*** Opening of Data shown ***

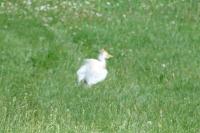 Bubulcus ibis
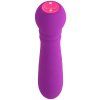 Mini vibrátor FemmeFunn Ultra Bullet Purple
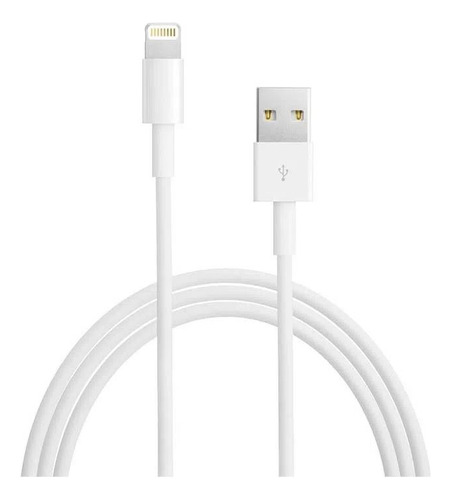  Cable Apple Datos Blanco 2m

*** Close of Data shown ***

> **Problem to solve**
Whenever a picture appears in the listing, leave it out; copy everything else exactly.

> **Expected answer**
 Bubulcus ibis
 Mini vibrátor FemmeFunn Ultra Bullet Purple
  Cable Apple Datos Blanco 2m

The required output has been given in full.